Description of the task
Go through the lines below and repeat each one exactly, skipping pictures.

Given information
------------------------------------------------------------
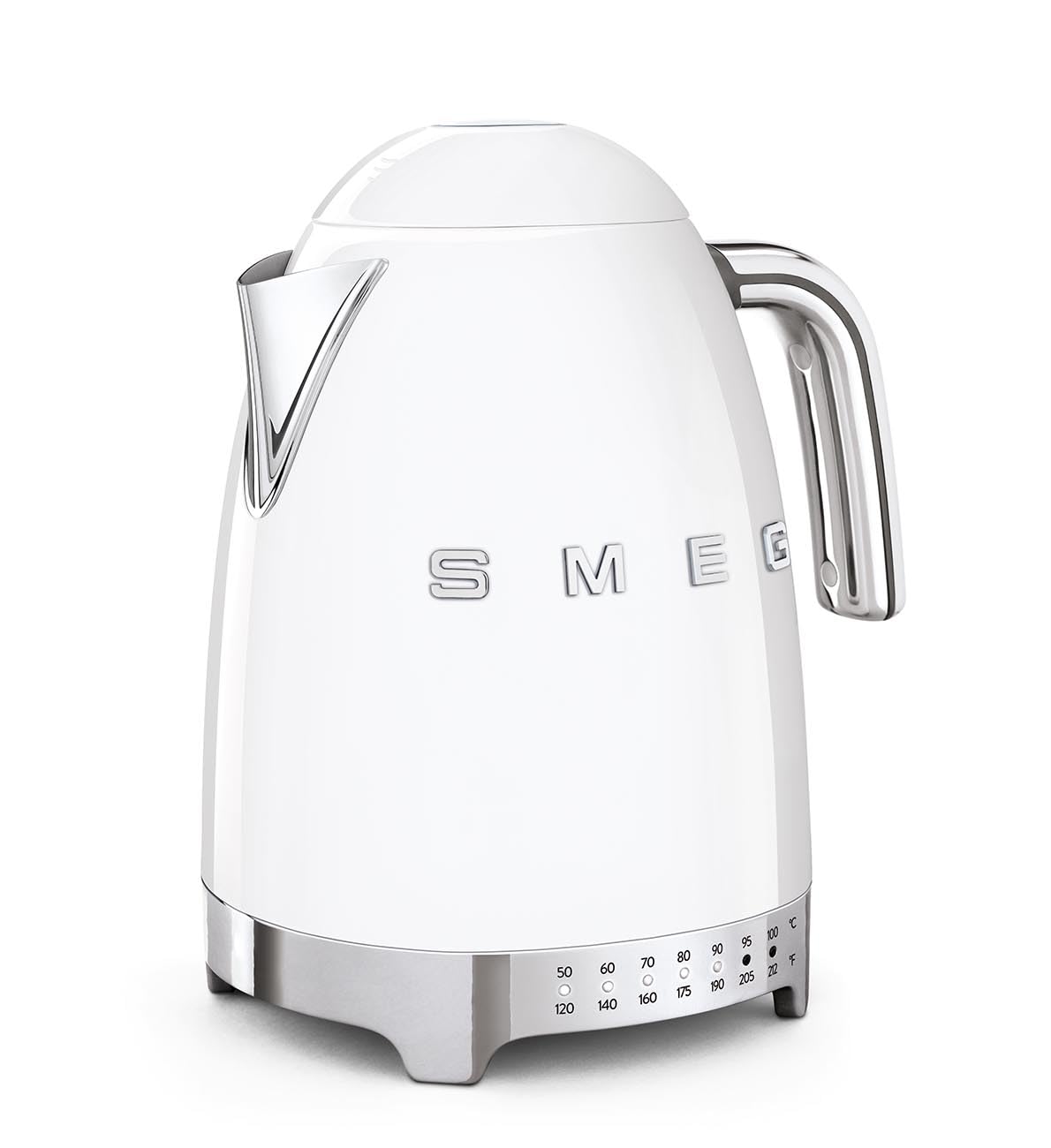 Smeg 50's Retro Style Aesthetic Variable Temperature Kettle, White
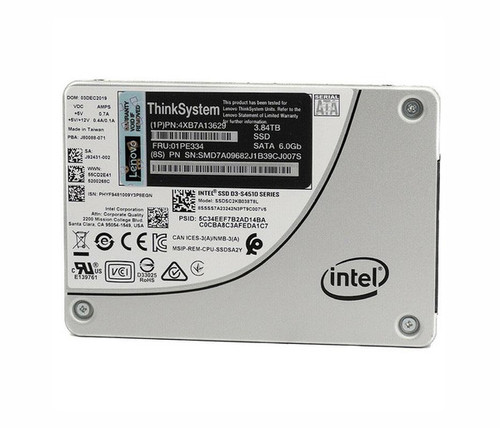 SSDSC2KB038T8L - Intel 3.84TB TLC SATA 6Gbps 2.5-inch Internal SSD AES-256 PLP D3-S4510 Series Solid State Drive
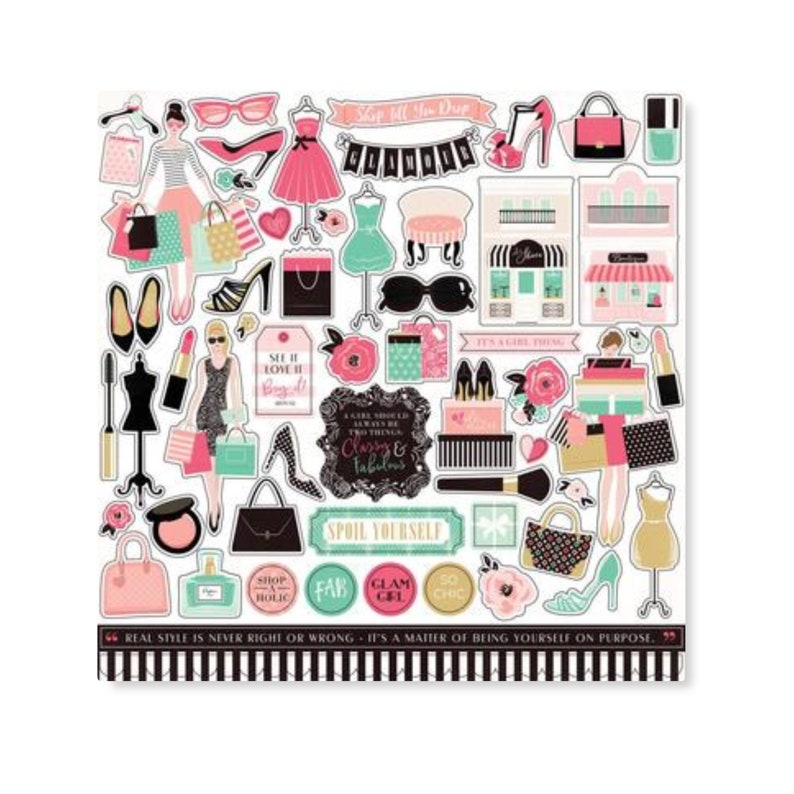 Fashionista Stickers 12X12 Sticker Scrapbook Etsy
------------------------------------------------------------
Result below
 Smeg 50's Retro Style Aesthetic Variable Temperature Kettle, White
 SSDSC2KB038T8L - Intel 3.84TB TLC SATA 6Gbps 2.5-inch Internal SSD AES-256 PLP D3-S4510 Series Solid State Drive
 Fashionista Stickers 12X12 Sticker Scrapbook Etsy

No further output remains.